**** RECORD SET

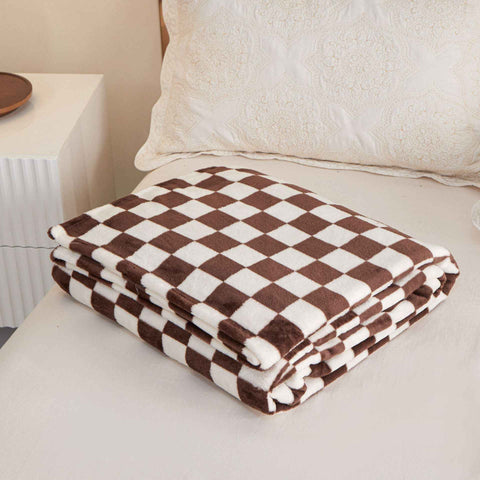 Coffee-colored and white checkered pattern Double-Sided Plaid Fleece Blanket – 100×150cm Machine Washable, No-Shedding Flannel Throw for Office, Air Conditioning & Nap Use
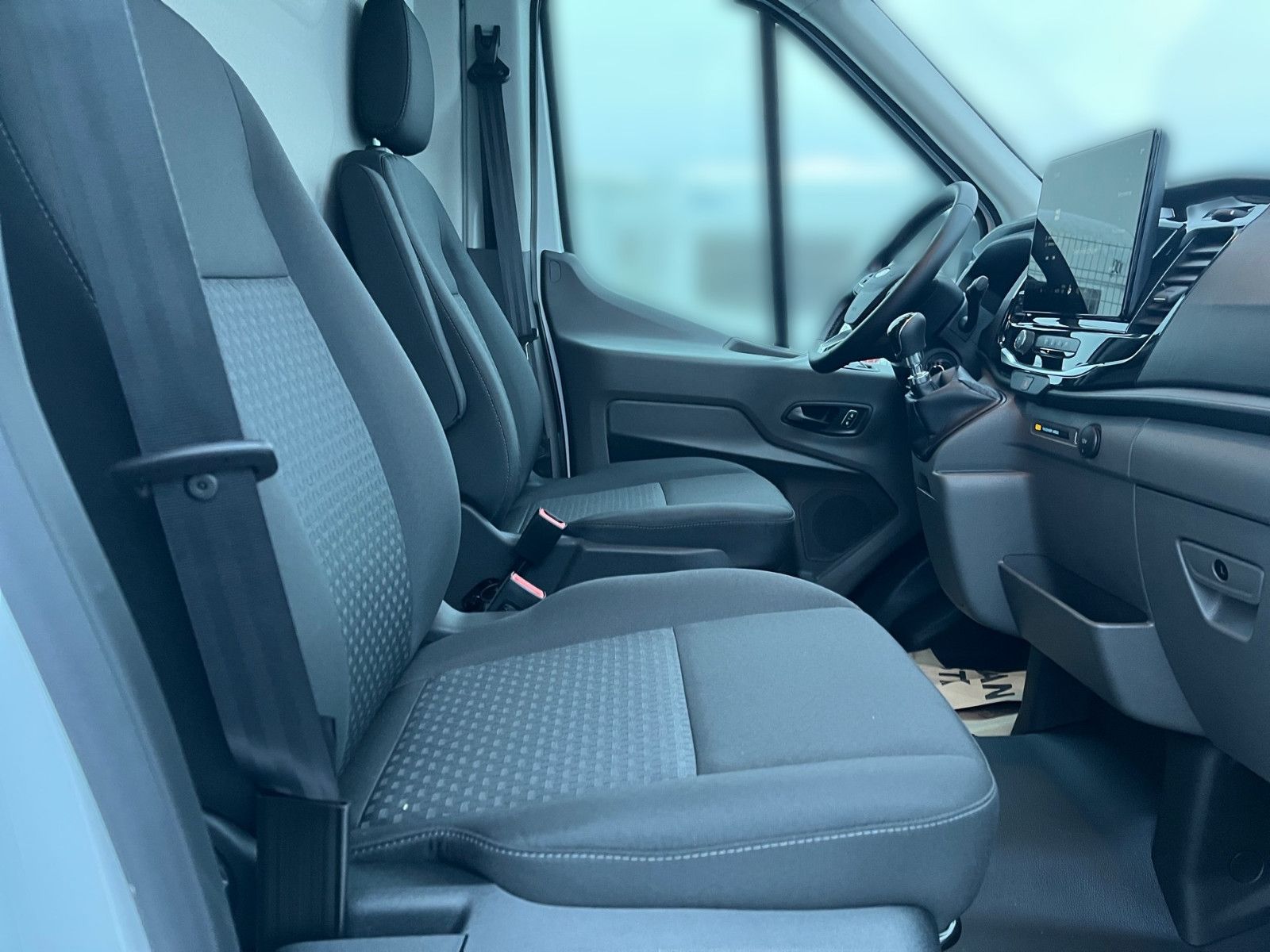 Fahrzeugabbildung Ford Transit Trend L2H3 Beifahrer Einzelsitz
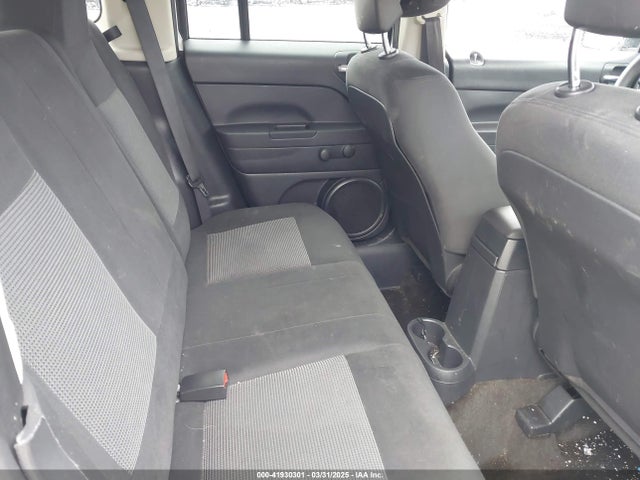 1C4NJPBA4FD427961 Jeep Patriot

********
**** RECORD SET

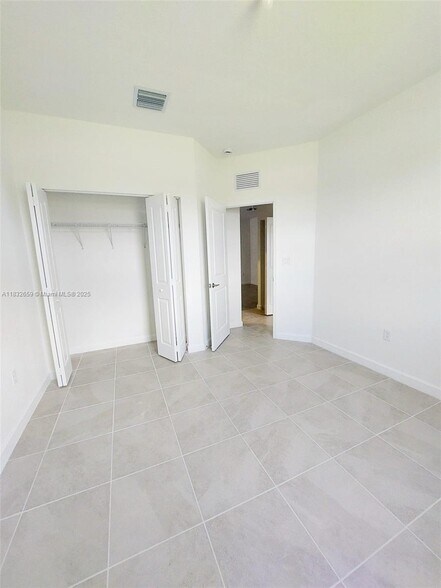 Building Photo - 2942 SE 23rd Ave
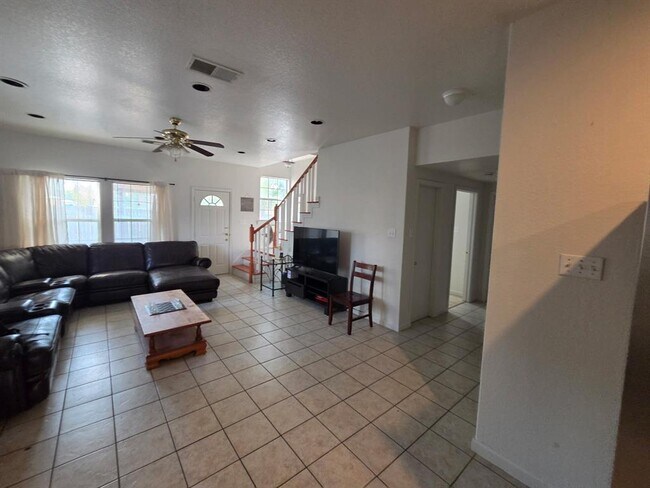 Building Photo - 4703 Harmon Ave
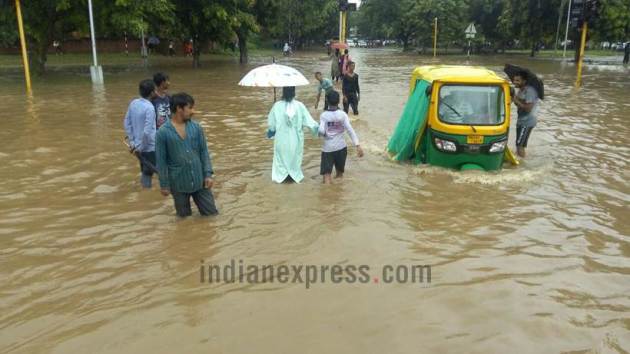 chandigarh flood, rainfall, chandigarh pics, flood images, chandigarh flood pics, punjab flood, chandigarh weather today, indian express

********
**** RECORD SET

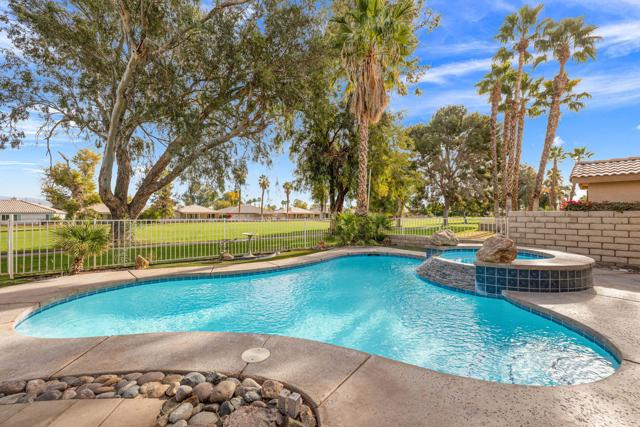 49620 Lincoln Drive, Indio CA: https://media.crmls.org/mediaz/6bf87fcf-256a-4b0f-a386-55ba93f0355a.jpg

********

_YOUR ASSIGNMENT:_ Produce an exact reproduction of the listing above, limited to the lines starting at the line with "Coffee-colored and white" and ending at the line with "Fahrzeugabbildung Ford Transit", both kept, with every picture left out.

_ANSWER BELOW:_
 Coffee-colored and white checkered pattern Double-Sided Plaid Fleece Blanket – 100×150cm Machine Washable, No-Shedding Flannel Throw for Office, Air Conditioning & Nap Use
 Fahrzeugabbildung Ford Transit Trend L2H3 Beifahrer Einzelsitz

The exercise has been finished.